Sikora is credited with being the first Soviet artist to have started performing international jazz, swing and pop standards in their respective original languages.
At the age of five she started studying the piano and four years later was able to accompany her father on a professional level, first at home, then with her own solo program at the local Pioneers' Palace and the City's Theatre.
A self-styled proponent of what later became known as the 'Theatre of Song', the girl was spotted in Baku by an established pianist, composer and conductor Alexander Tsfasman who invited her to join his own musical collective.
In May 1941 she debuted as a singer of the Tsfasman-led Soviet Radio Jazz Orchestra at the All-Union Agricultural Exhibition's Green Theatre in Moscow.
She took part in the 2nd All-Union Competition of Soviet Popular Music Performers (the first one in 1940 brought Klavdya Shulzhenko into the spotlight) and won the 1st prize.
[2] In 1947 the Radio Jazz Orchestra disbanded and, as Tsfasman became the director of the Moscow Hermitage Theatre, Sikora joined its Sympho-Jazz band.

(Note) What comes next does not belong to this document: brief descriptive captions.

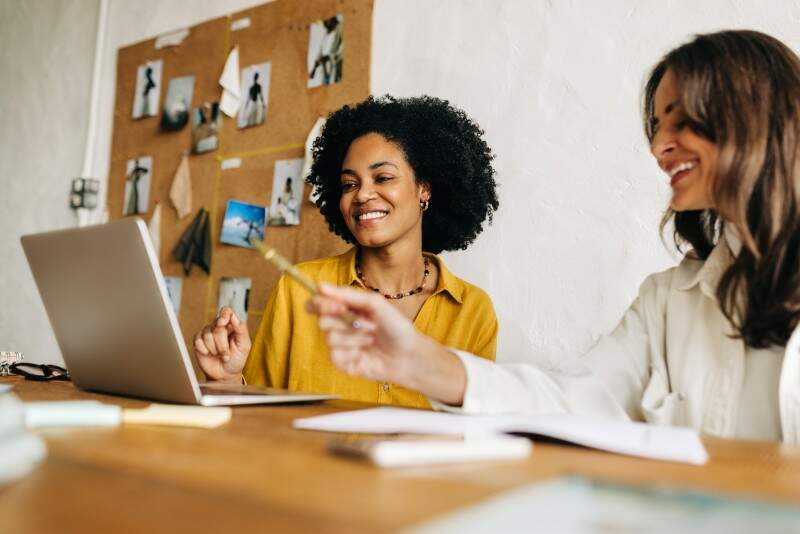 Duas mulheres sorridentes trabalhando juntas em um ateliê criativo. Uma mulher negra de camisa amarela olha para a tela de um notebook enquanto sua colega aponta algo com uma caneta.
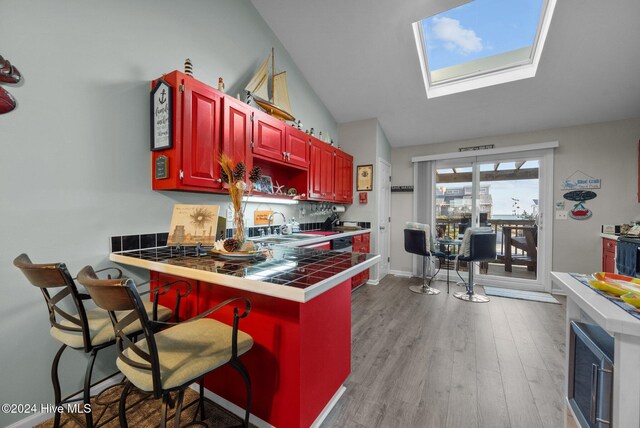 kitchen featuring tile countertops, lofted ceiling with skylight, sink, light wood-type flooring, and appliances with stainless steel finishes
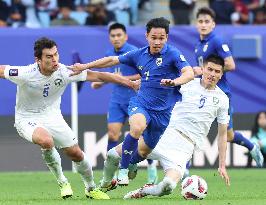 (SP)QATAR-DOHA-FOOTBALL-AFC ASIAN CUP-UZBEKISTAN VS THAILAND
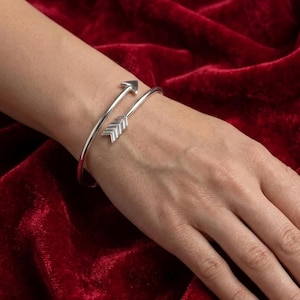 May include: A silver arrow cuff bracelet. The bracelet has an arrow design, with one end pointing towards the wrist and the other end pointing away. The bracelet is worn on a wrist.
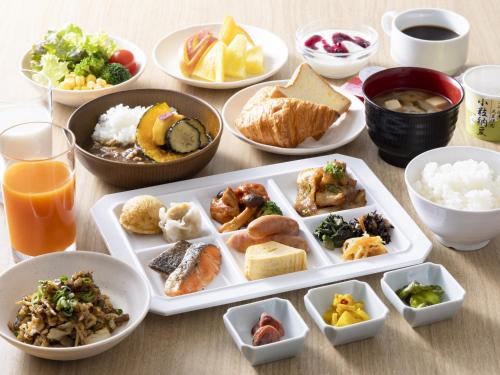 a table with plates of food and bowls of food at Hotel Wing International Kobe - Shinnagata Ekimae in Kobe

Established composers like Nikita Bogoslovsky, Matvey Blanter, Mark Fradkin, Vano Muradeli and Kirill Molchanov were now writing the originals for her.
Then in February 1993 music historian and writer Valery Safoshkin organized the Ruzhena Sikora special concert at the Moscow Central House of Artists.
In the finale of this highly successful show the legendary performer Izabella Yuryeva rose on stage to present the bouquet of flowers to Ruzhena Sikora.